Kenya’s election:Riots break out in opposition stronghold over contested result

Clashes between police and protesters in Nairobi slums and cities supporting Raila Odinga.

Kenya's election took an ominous turn on Wednesday as violent protests erupted in the capital and elsewhere after opposition leader Raila Odinga alleged fraud, saying hackers used the identity of a murdered official to infiltrate the database of the country's election commission and manipulate results.

 

Soon after Odinga spoke on television, angry protesters in slums of Nairobi and the opposition stronghold of Kisumu in the southwest burned tires, set up roadblocks and clashed with police, witnesses said.

Kenyan police opened fire on people protesting election results earlier Wednesday in another opposition stronghold, killing one person.

The shooting happened in South Mugirango constituency in Kisii county, said Leonard Katana, a regional police commander.

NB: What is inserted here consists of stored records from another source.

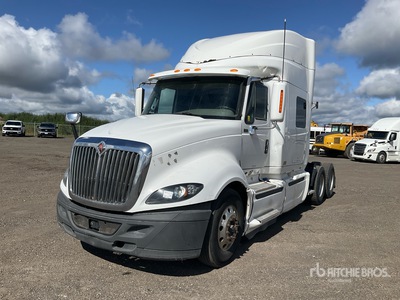 2015 International Prostar+ 122 6x4 T/A Sleeper Truck Tractor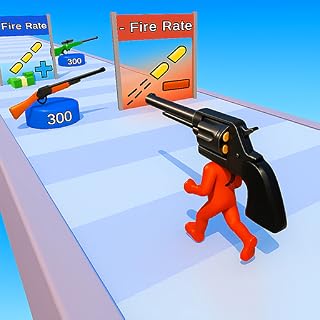 Gun Head Run 3D Stickman Rush – Weapon Master Evolution Race Survival Shooter Game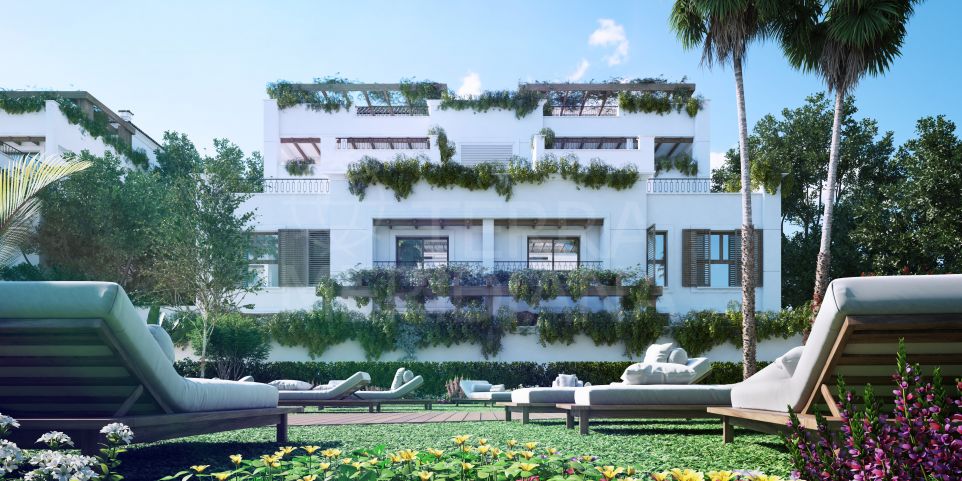 3 bedroom contemporary style penthouse apartment for sale in the Golden Mile, Marbella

With results from almost all of the polling stations counted, President Uhuru Kenyatta was shown with a wide lead over Odinga in his bid for a second term.

Many parts of Kenya, East Africa's commercial hub, were calm a day after the elections for president and more than 1,800 other posts down to the county level.

But the violence stirred memories of the unrest following the 2007 vote in which more than 1,000 people were killed.

Odinga lost that election; he also lost the 2013 vote to Kenyatta and took allegations of vote-tampering to the Supreme Court, which rejected his case.